**EXERCISE PROMPT**
For this exercise, reproduce the entries below exactly, but only from the line containing "Image result for Scomberomorus maculatus" through the line containing "麻楝基地直销规格齐全欢迎老板来电咨询合作", both included.

──────── RECORDS FOR THIS EXERCISE

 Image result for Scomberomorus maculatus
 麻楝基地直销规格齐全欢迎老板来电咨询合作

────────────────
──────── RECORDS FOR THIS EXERCISE

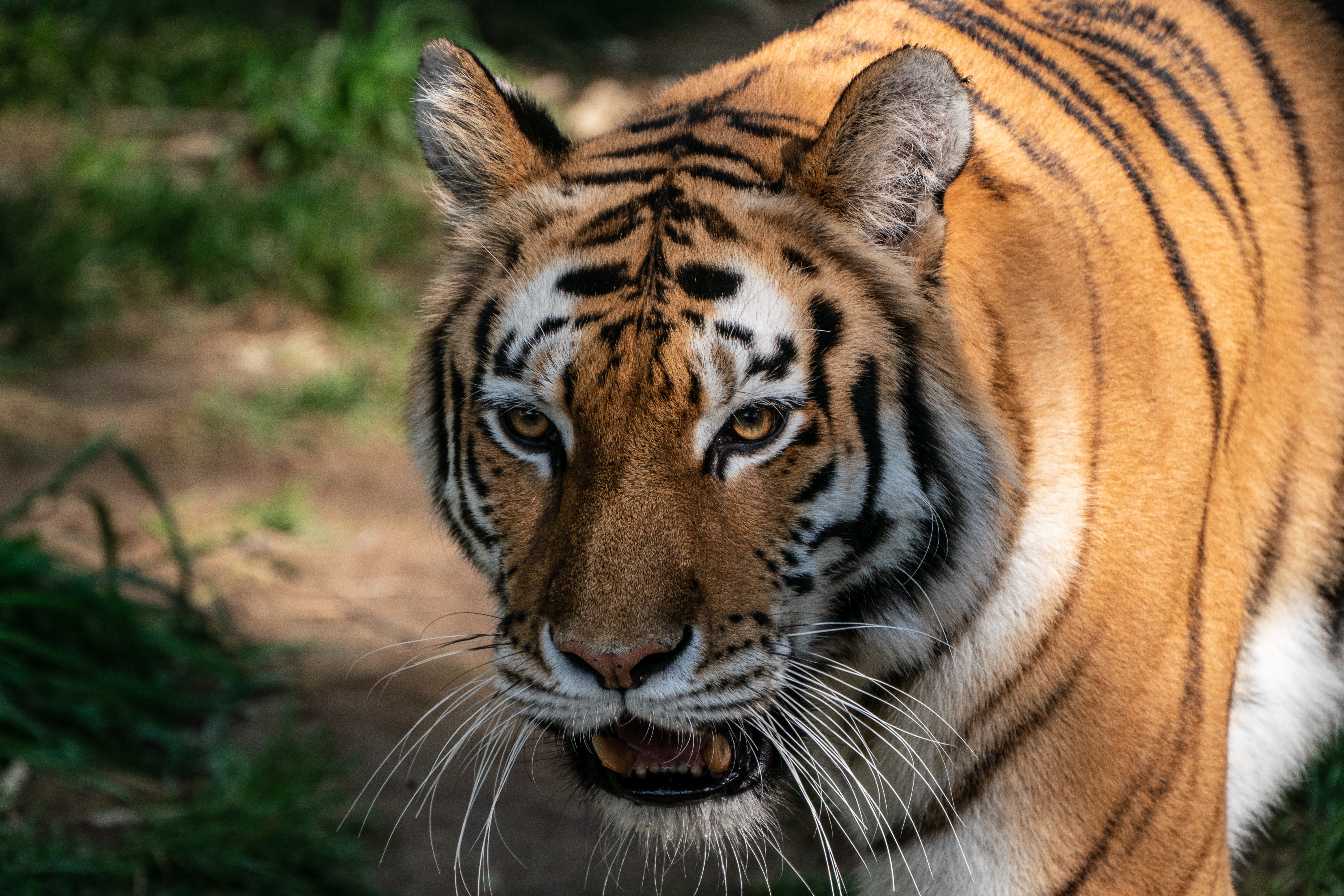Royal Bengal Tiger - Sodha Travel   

────────────────

**WRITTEN SOLUTION**
 Image result for Scomberomorus maculatus
 麻楝基地直销规格齐全欢迎老板来电咨询合作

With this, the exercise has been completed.